*Your task*.
Under this line are the records; write out word for word the part that begins at the line containing "Golden font Number" and ends at the line containing "Stylo Bleu Colorful", and no more.

*Data section*.
----------

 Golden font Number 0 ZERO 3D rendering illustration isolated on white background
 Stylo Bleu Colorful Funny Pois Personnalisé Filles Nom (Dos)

----------

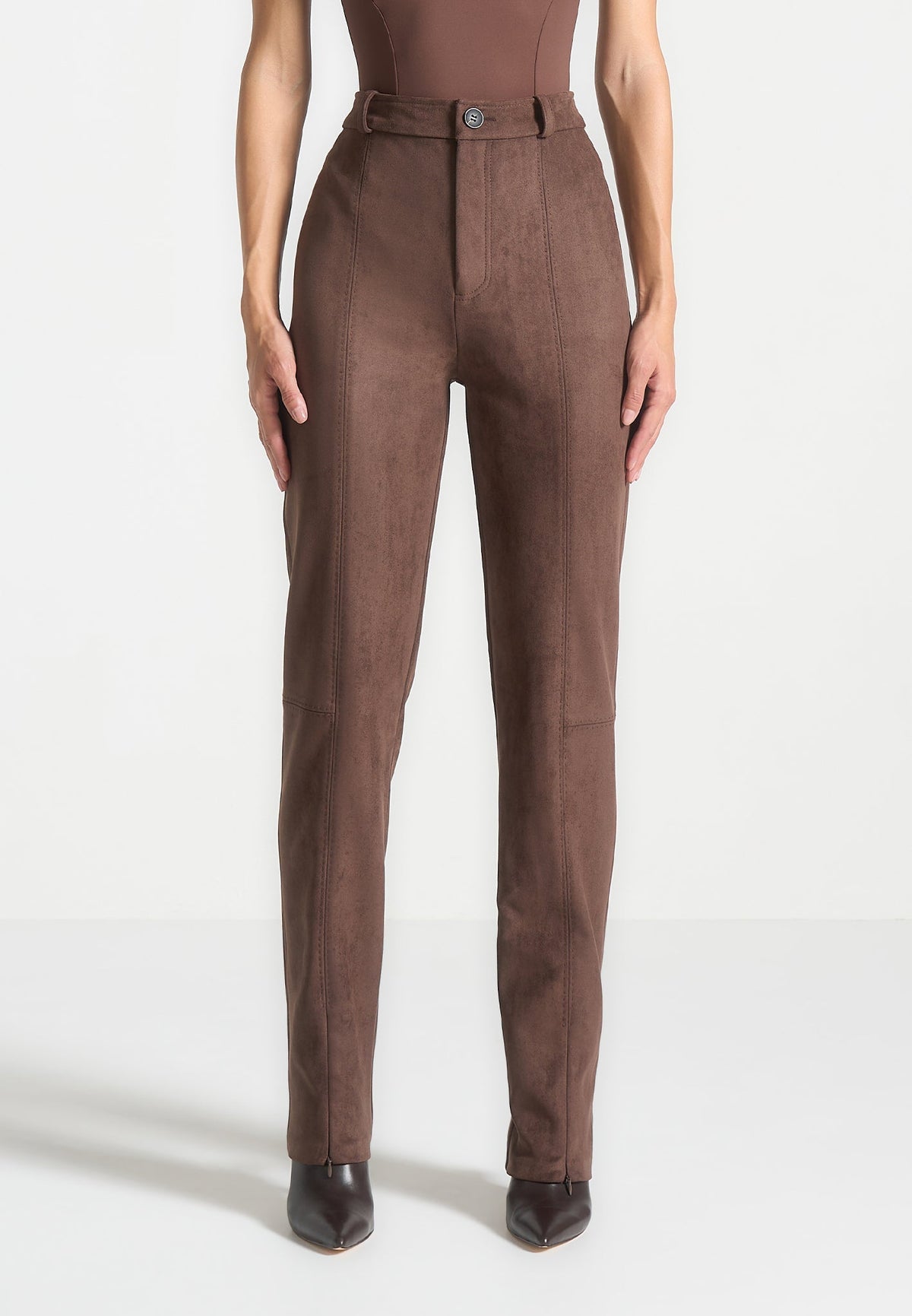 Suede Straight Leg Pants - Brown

----------

*Output for this exercise*.
 Golden font Number 0 ZERO 3D rendering illustration isolated on white background
 Stylo Bleu Colorful Funny Pois Personnalisé Filles Nom (Dos)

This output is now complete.